→ Task goal: Below are lines of records; copy exactly those from the one containing "Grand Theft Auto Bundle E25437" through the one containing "Mercedes 08 to", leaving the pictures behind.

→ Data provided:
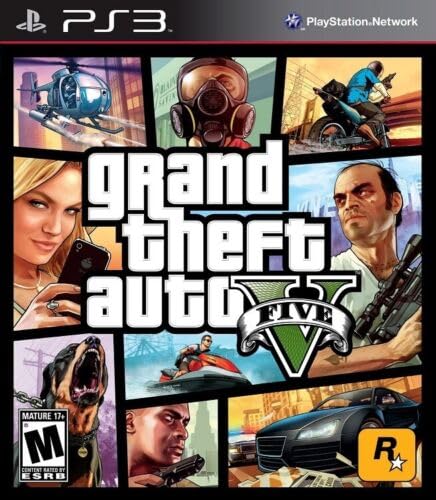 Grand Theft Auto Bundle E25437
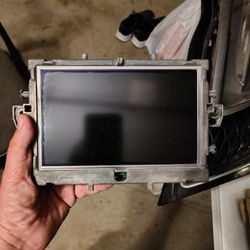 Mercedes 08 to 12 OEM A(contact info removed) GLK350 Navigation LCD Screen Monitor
--
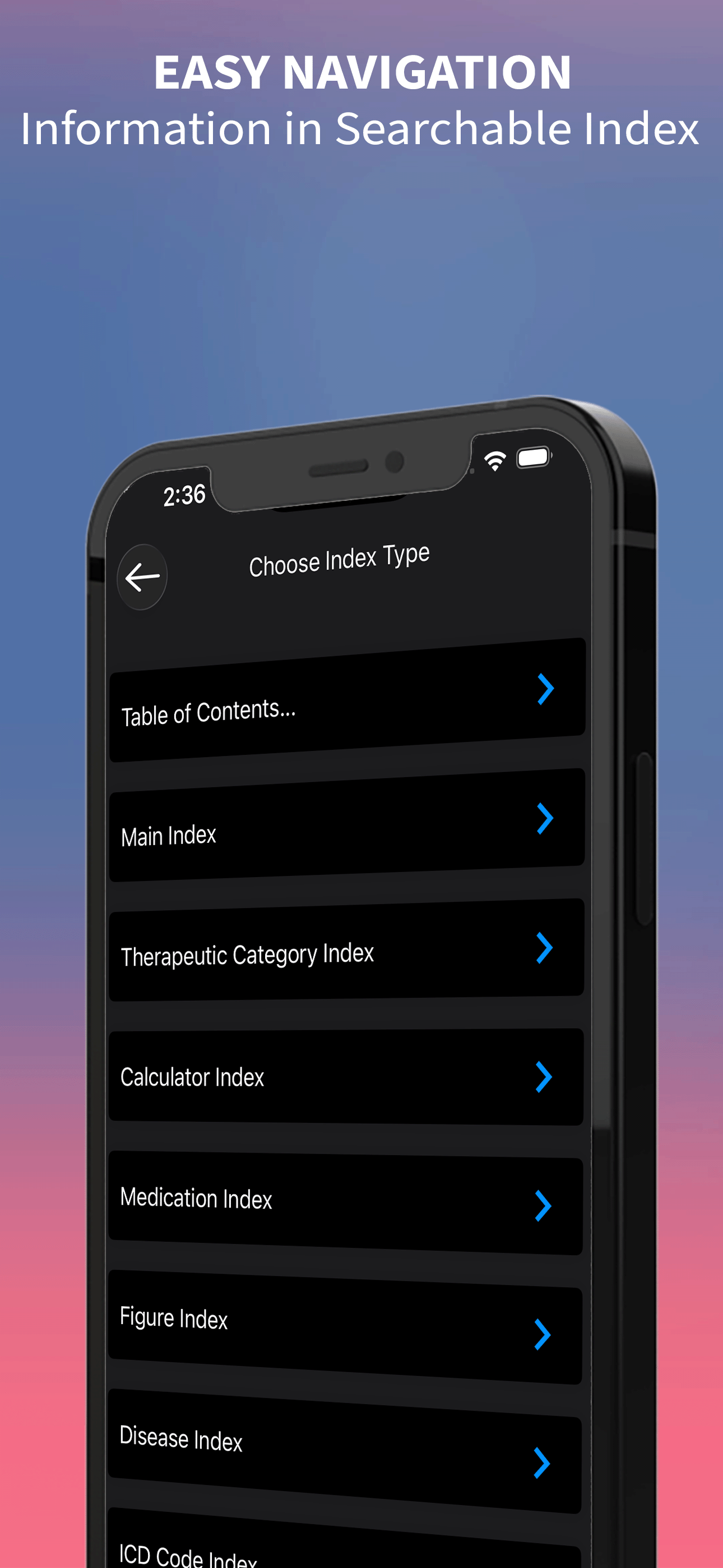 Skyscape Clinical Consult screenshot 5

→ Task response:
 Grand Theft Auto Bundle E25437
 Mercedes 08 to 12 OEM A(contact info removed) GLK350 Navigation LCD Screen Monitor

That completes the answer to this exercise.